Biden's getting no free ride from Democrats on foreign policy

President Joe Biden’s early foreign policy moves are putting him at odds with his fellow Democrats, some of whom are mounting pressure campaigns to force his hand.

Just last week, Biden drew friendly fire after ordering airstrikes on Iran-backed militia groups in Syria without first seeking congressional approval, and for refusing to impose penalties on Saudi Crown Prince Mohammed bin Salman — whom Biden’s administration publicly blamed for the brutal 2018 murder of journalist Jamal Khashoggi.

It was an early sign of what’s to come for Biden: a Democratic-controlled Congress that won't hesitate to try to rein in or pressure a Democratic president’s actions on the world stage.

“I think we need to grapple with, what more do we do” to hold Saudi Arabia accountable for the operation that killed Khashoggi, said Sen. Tim Kaine (D-Va.), a senior member of the Foreign Relations Committee who counted the slain journalist as one of his constituents.

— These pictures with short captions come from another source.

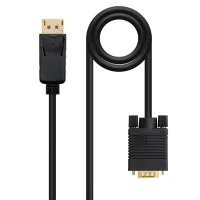 CABLE CONVERSOR DISPLAYPORT A VGA NANOCABLE 1M/ MACHO-MACHO/ NEGRO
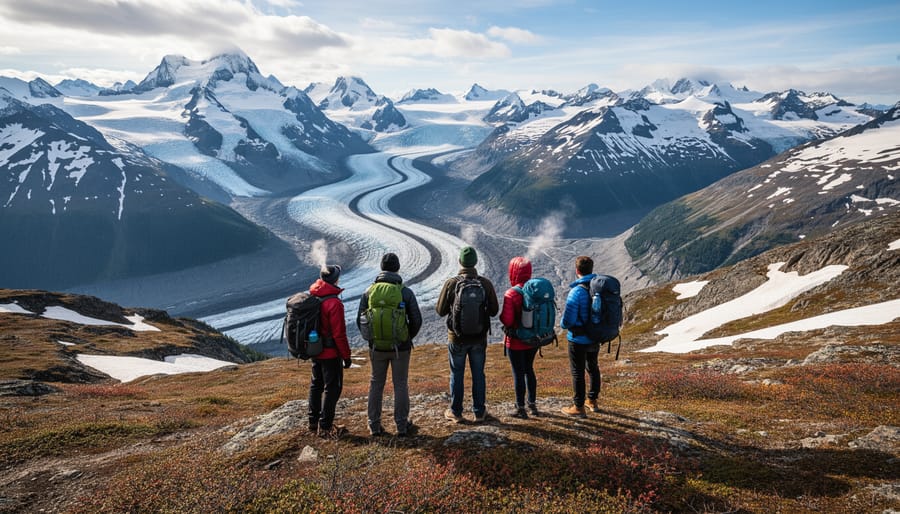 Hikers on a tundra ridge overlooking mountains and glaciers in Kluane National Park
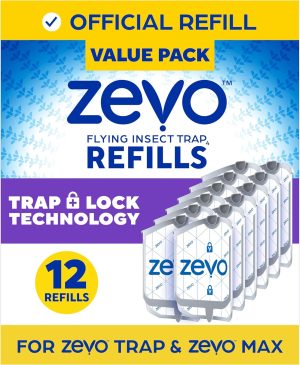 Zevo Flying Insect Trap, Fly Trap Refill Cartridges(12 Cartridges)
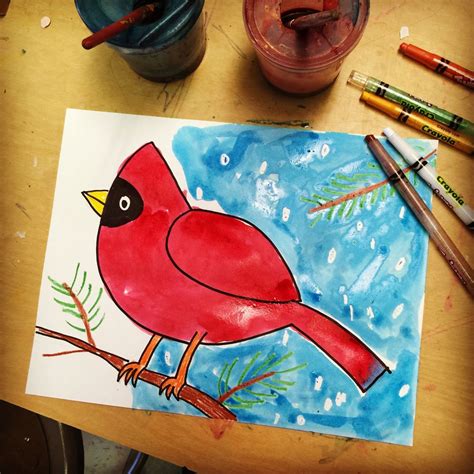 Winter Watercolor Cardinal - great project for kids Classroom Art Projects, Elementary Art ...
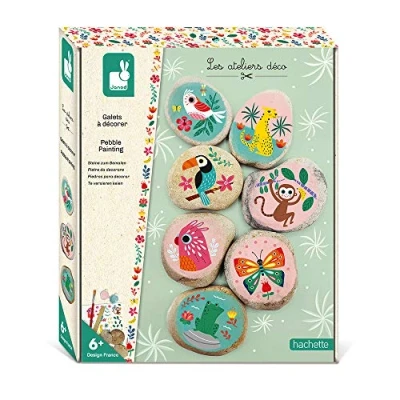 Image de Janod Galets à Décorer Les Ateliers Déco Kit Loisir Créatif Enfant Apprentissage Motricité Fine et Concentration Dès 6 ans, J07922
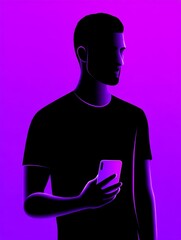 Poster - Man Using Smartphone at Night - Silhouette of a man holding a smartphone against a vibrant purple background. Modern and stylish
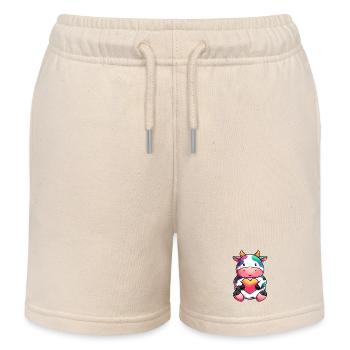 Colorful cow with heart - Kids Organic Sweat Shorts by Stanley/Stella - soft Ecru - Front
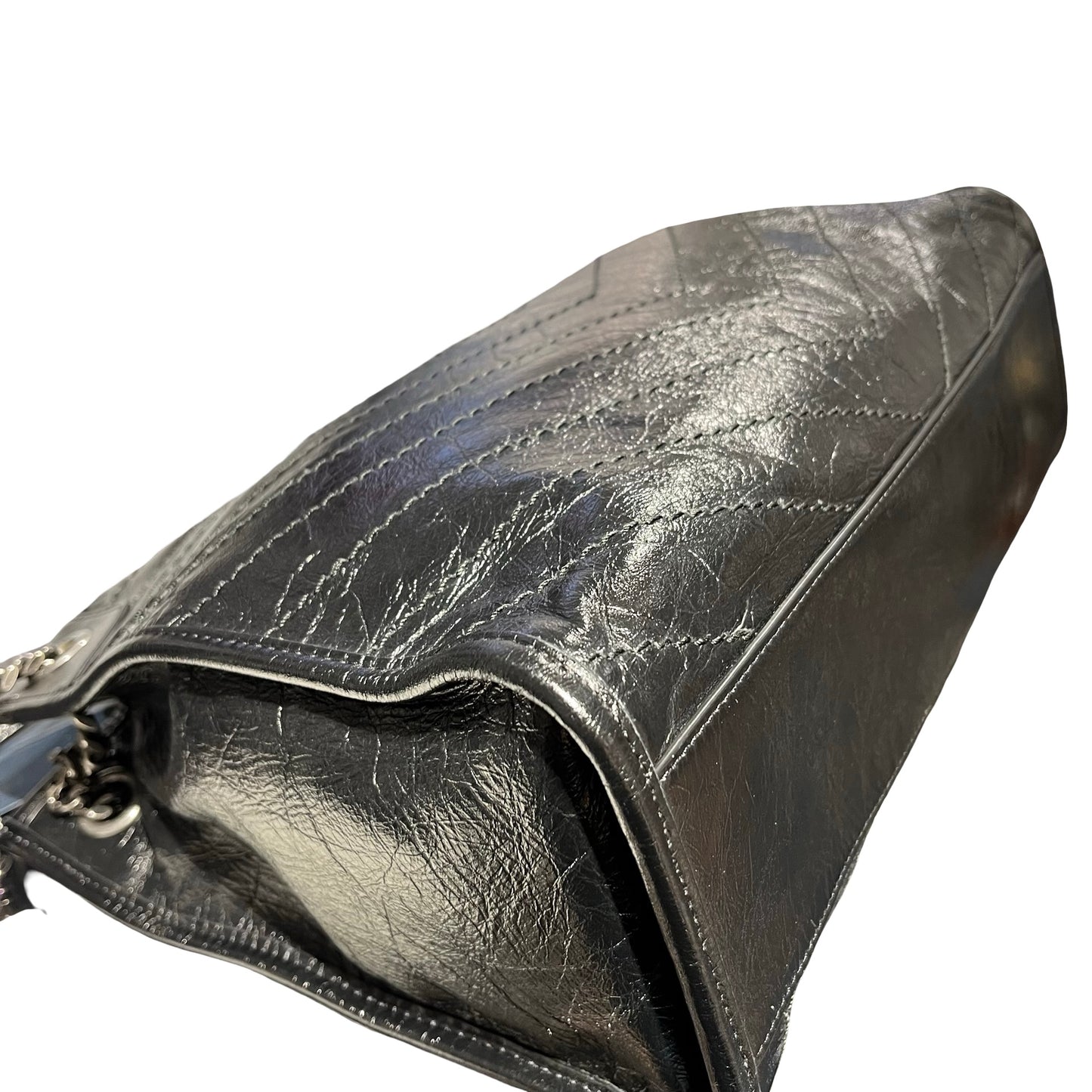 Used SAINT LAURENT Niki Shopping Shoulder Bag Black PHW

Kaine bluntly said he was “not happy” to learn that the crown prince was not among the Saudi operatives the Biden administration sanctioned last week.

Kaine has pushed to repeal the 2001 and 2002 war authorizations that presidents from both parties have used to justify U.S. military action connected to terrorism threats. The Democratic party's 2016 vice presidential nominee criticized Biden’s Syria strikes and the potential for a more active, tit-for-tat conflict with Iran that could escalate into a full-blown war.

“Congress is supposed to be the decision-maker here on the initiation” of strikes, Kaine said. “I shouldn’t have to hypothesize it — [the Biden administration] should come and lay out the rationale.”

"Let’s have a debate in front of the American public on what the stakes are," Kaine added.

Biden and those who know him have often described foreign policy as his first love. A former chair of the Senate Foreign Relations Committee, he is known for respecting Congress’ role in shaping U.S. foreign policy. By not imposing penalties on the Saudi crown prince, though, the president is practically inviting members of Congress to push him to go further.

The crown prince “is responsible for the murder of Jamal Khashoggi, and if you don’t have any consequences here, it is open season on journalists,” said Sen. Ron Wyden (D-Ore.), who proposed the law requiring the release of the U.S. intelligence report that blamed the crown prince. Wyden is also pushing Director of National Intelligence Avril Haines to declassify additional documents about the operation that led to Khashoggi’s killing, though he did not go into further detail.

Democrats see a contradiction in Biden’s willingness to publish the intelligence report naming the crown prince while he declines to directly target the Saudi leader with sanctions or other punishments. Some Democrats even want the Biden administration to stop engaging with the crown prince altogether until the kingdom demonstrates an improvement in its behavior on human rights issues.

It took congressional action just to push the executive branch to name the crown prince in its assessment of those involved in Khashoggi’s murder. Given that dynamic, further measures from Capitol Hill likely will be necessary if Democrats want to overhaul the U.S.-Saudi relationship in a more dramatic way that Biden has indicated he's ready for.

Recent gripes aside, to be sure, Democrats are much more satisfied with Biden’s posture in the early stages of his presidency than they were with that of former President Donald Trump, whose erratic foreign policy forays frustrated lawmakers. But Democrats are taking on Biden in the hope that he will follow through on his campaign pledges, which included levying strict punishments against those responsible for Khashoggi’s killing as well as scaling back American involvement in the Middle East.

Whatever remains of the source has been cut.